If `cos(alpha+beta)+sin(alpha-beta)=0` and `tan beta ne1`, then find the value of `tan alpha`.

To solve the problem, we start with the equation given: \[ \cos(\alpha + \beta) + \sin(\alpha - \beta) = 0 \] ### Step 1: Apply Trigonometric Identities We can use the trigonometric identities for \(\cos(\alpha + \beta)\) and \(\sin(\alpha - \beta)\): \[ \cos(\alpha + \beta) = \cos \alpha \cos \beta - \sin \alpha \sin \beta \] \[ \sin(\alpha - \beta) = \sin \alpha \cos \beta - \cos \alpha \sin \beta \] Substituting these into the equation gives: \[ \cos \alpha \cos \beta - \sin \alpha \sin \beta + \sin \alpha \cos \beta - \cos \alpha \sin \beta = 0 \] ### Step 2: Rearranging the Equation Now, we can rearrange the equation: \[ \cos \alpha \cos \beta - \cos \alpha \sin \beta + \sin \alpha \cos \beta - \sin \alpha \sin \beta = 0 \] Grouping the terms: \[ \cos \alpha (\cos \beta - \sin \beta) + \sin \alpha (\cos \beta - \sin \beta) = 0 \] ### Step 3: Factor Out Common Terms We can factor out \((\cos \beta - \sin \beta)\): \[ (\cos \beta - \sin \beta)(\cos \alpha + \sin \alpha) = 0 \] ### Step 4: Analyze the Factors Since \(\tan \beta \neq 1\), we cannot have \(\cos \beta - \sin \beta = 0\).

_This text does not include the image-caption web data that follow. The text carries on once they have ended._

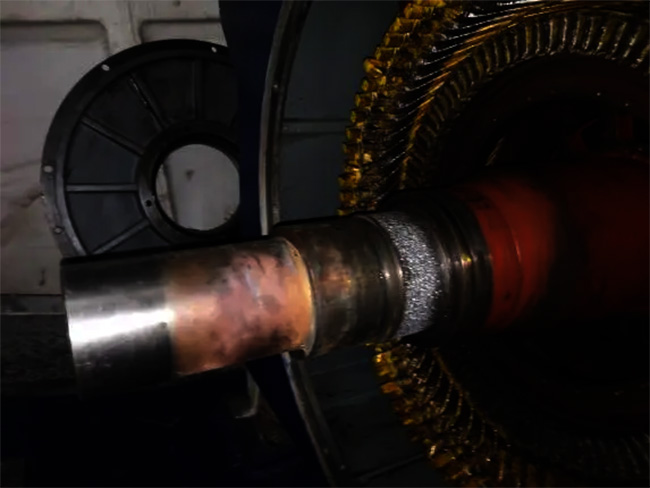 图为西玛电机客户提供的电机轴磨损的照片 图为西玛电机客户提供的电机轴磨损的照片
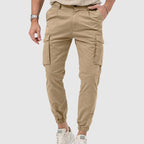 Men’s Black Cargo Pants with Mid-Rise Fit and Straight-Leg Design 0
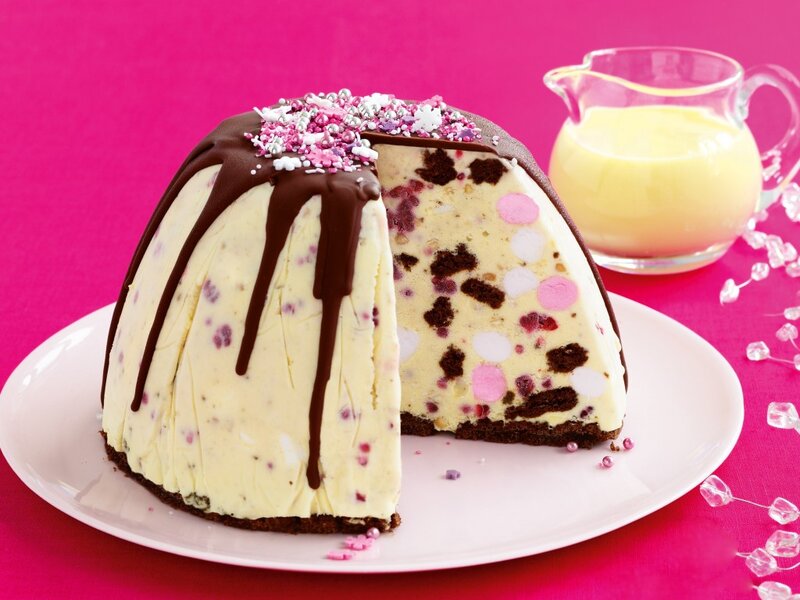 Chocolate Ice Cream Dessert — Pink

Therefore, we must have: \[ \cos \alpha + \sin \alpha = 0 \] ### Step 5: Solve for \(\tan \alpha\) From \(\cos \alpha + \sin \alpha = 0\), we can rearrange this to: \[ \cos \alpha = -\sin \alpha \] Dividing both sides by \(\cos \alpha\) (assuming \(\cos \alpha \neq 0\)) gives: \[ 1 = -\tan \alpha \] Thus: \[ \tan \alpha = -1 \] ### Final Answer The value of \(\tan \alpha\) is: \[ \boxed{-1} \]